吉田:明らかにある筋からのリークの情報ばかりが出て。

:本当だったらこれも、僕が思うのは、本当に芸能でやれる皆さんの立場って弱いから、アメリカみたいに全員が加入する組合を作って、きちんと労働時間とか賃金とか待遇とかの面を、みんなで守り合って、みんなが活躍し始めるような、育成できるようなところを作るべきだと思うんですけど。

なかなか日本だとそういう議論までいかないで終わってしまう……。

吉田:だいたい独立騒ぎになると、大変なことになる。

:その後は仕事がなくなっちゃうとか。そういう話になっちゃいますもんね。

吉田:トシちゃんもここまで復活するまで何年かかったか。

:田原俊彦さんも地道にずっとコンサートしてやってこられたんでしょ?

吉田:ビック発言で叩かれたってされてますけど、数年前から「実は、あれはそんなに叩かれるものではなかった、操作されていた」みたいなことが報じられ始めたじゃないですか。「なぜ報じられるの、今?」という。

:それ、「一番本人がしんどいときに、ちゃんとその論調も出してあげてよ」という感じはしますよね。

吉田:「ジャニーズ怖い」的な意見は多いですけど、僕は「マスコミ怖い」って思いますけどね。

:断片的な一部の情報に基づいて報道していくこと。

吉田:忠実なところ、もしくは、反体制的なもののほうが少な過ぎるということが怖いですね。

SMAPの今後の活動

:でも、今回のSMAPの一連の動きを見てみると、ファンの皆さんの発信は、素晴らしいと思っているんですよ。それは、最初は「SMAP解散しないで」から始まるんだけれども、最終的には「こういう事務所のあり方って、やっぱりおかしい」って、署名運動が始まって。ジャニーズ事務所に対して署名運動が始まったりだとか。

けっこう、今まででは考えられないようなファンの動き。SNS時代だななんて思うようになったんですけど。

吉田:ただ、同族会社だと署名は効き目ないですよね。

:あぁ、そうですねぇ……。株式を公開しているとかならまだしも。ちょっと違いますよね。今後、どうなっていかれると思いますか。

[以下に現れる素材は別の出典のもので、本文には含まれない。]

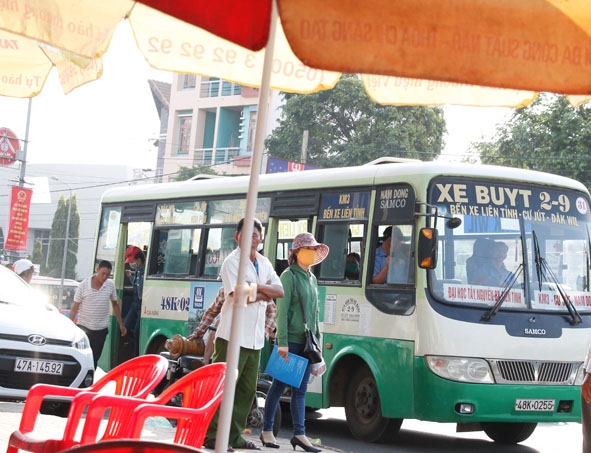 Xe buýt đón, trả khách trên đường Nguyễn Tất Thành (TP. Buôn Ma Thuột). 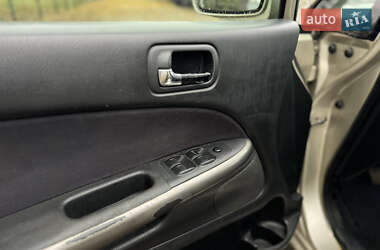 Мінівен Honda Stream 2003 в  фото 10 Мінівен Honda Stream 2003 в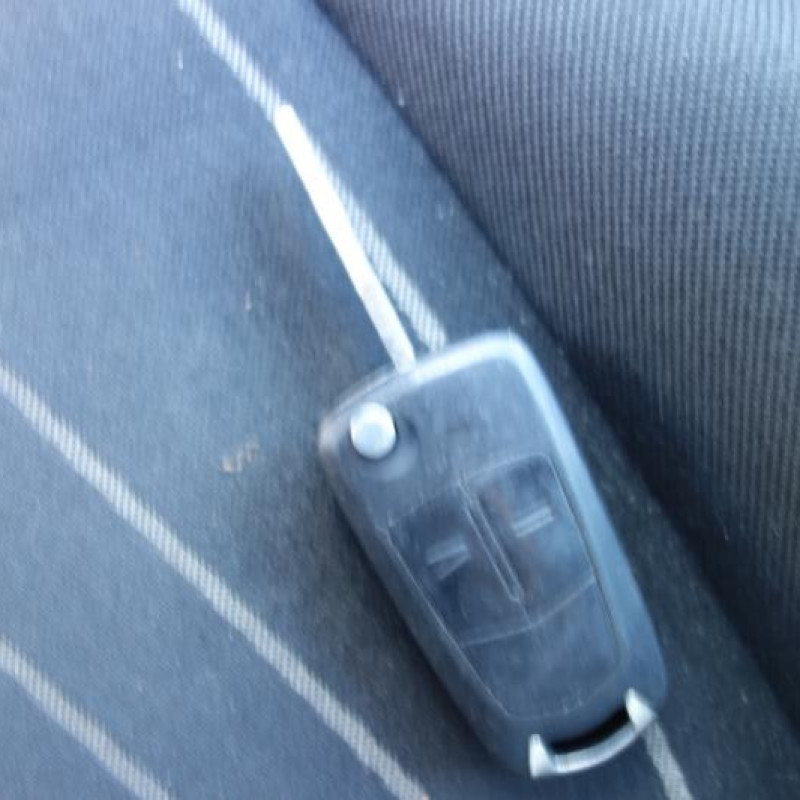 Interrupteur de leve vitre avant gauche OPEL CORSA D Photo n°10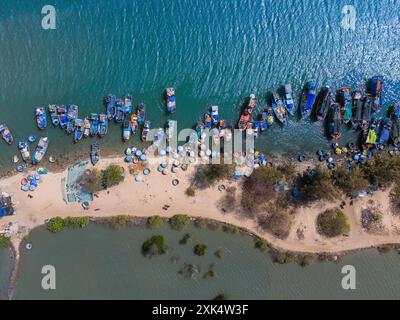 Vue aérienne du village de pêcheurs de Loc an, ville de Vung Tau. Un port de pêche avec des blocs de béton de protection contre les tsunamis. Paysage urbain et bateaux traditionnels dans le s. Banque D'Images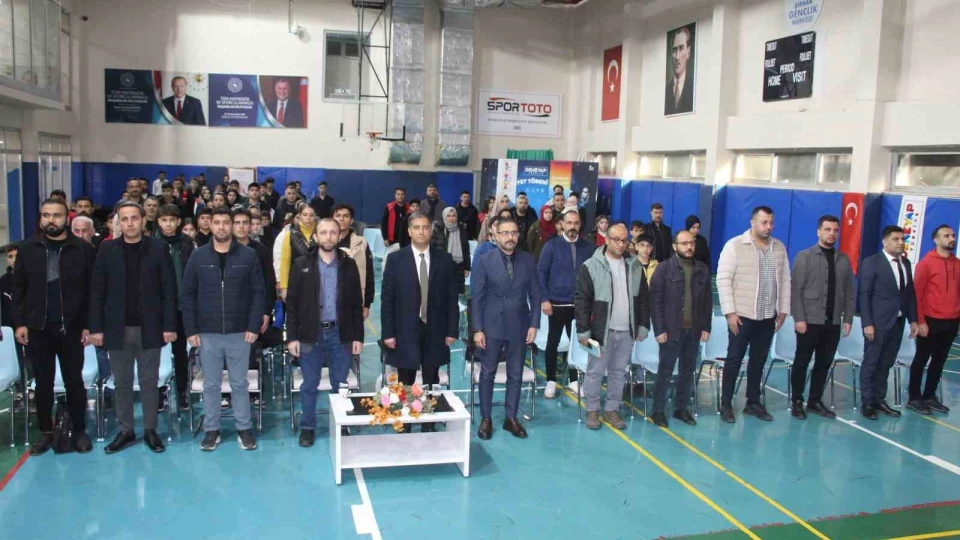 ��rnak'ta gen�ler i�in Deneyap �al��tay�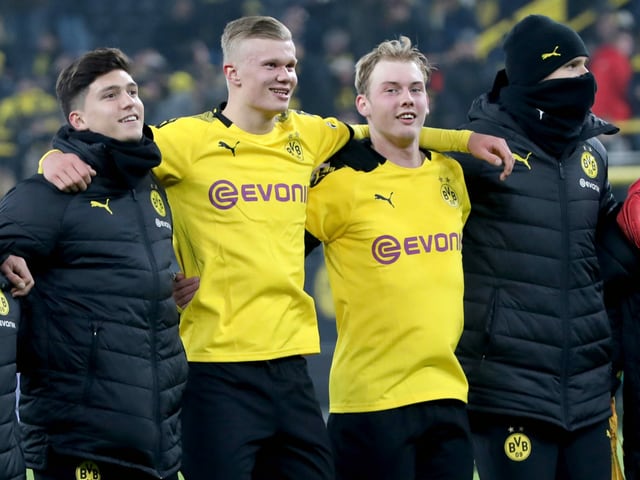 Erling Haaland (2. v. l.) fühlt sich in Dortmund wohl. Erling Haaland (2. v. l.) fühlt sich in Dortmund wohl.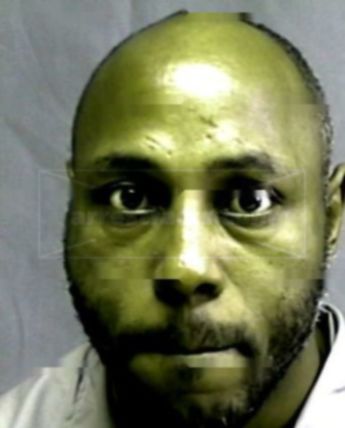Darryl R Bradley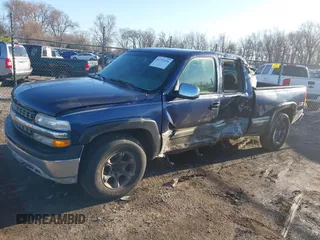 2000 Chevrolet Silverado 1500 LS with VIN 2GCEK19T8Y1253263, listed as a IAAI auction lot 41753116 with 174,610 mi miles. Bid and sale history available at carsss.com. Image 2.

吉田:あれだけ大っぴらに謝罪して、シコリ絶対残りますよね。

:中居さんがすごい心配というか。

吉田:誰が見ても。

:リーダー支えてあげたいなと思いますけど。

吉田:完全和解スッキリみたいな空気じゃなかったじゃないですか。放送事故の匂いがした。

:そうですね。

吉田:あれは、尾を引きますよね。確実に。

ただ、僕はジャニーズの取材をしたことがあるんですよ。V6とか取材して、(メンバー)死ぬほど仲良いんですよ。そういうの見ると、そういうところファン見たいじゃないですか。

:そうですね。

吉田:あんなわかりやすい確執見たくないと思うんですよ。

:そうですそうです、そうなんです。SMAPは太陽のようにいつもいてほしいというファンな勝手な思いかもしれないですけど。そういうのを期待しちゃいますからね。

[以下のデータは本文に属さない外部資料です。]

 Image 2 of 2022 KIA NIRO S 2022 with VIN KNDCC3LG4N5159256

吉田:元ジャニーズの人を取材する機会は、すごく多いんですよ。そういう人たちに話を聞いていると、ジャニーさんの悪口って実は出てこないんですよ。ただ、お子さん生まれたとしてジャニーズ入れますか?」と聞くと、「入れないかなぁ……」というのがあったりとか。

:大変なんでしょうねぇ……。

吉田:でしょうねぇ……。

:いや、本当に温かく見守っていきたいのと、事の本質はどこかっていうのを、しっかりと報道していきたいですね。

ありがとうございました。

本日のオピニオンCROSSは以上とさせていただきます。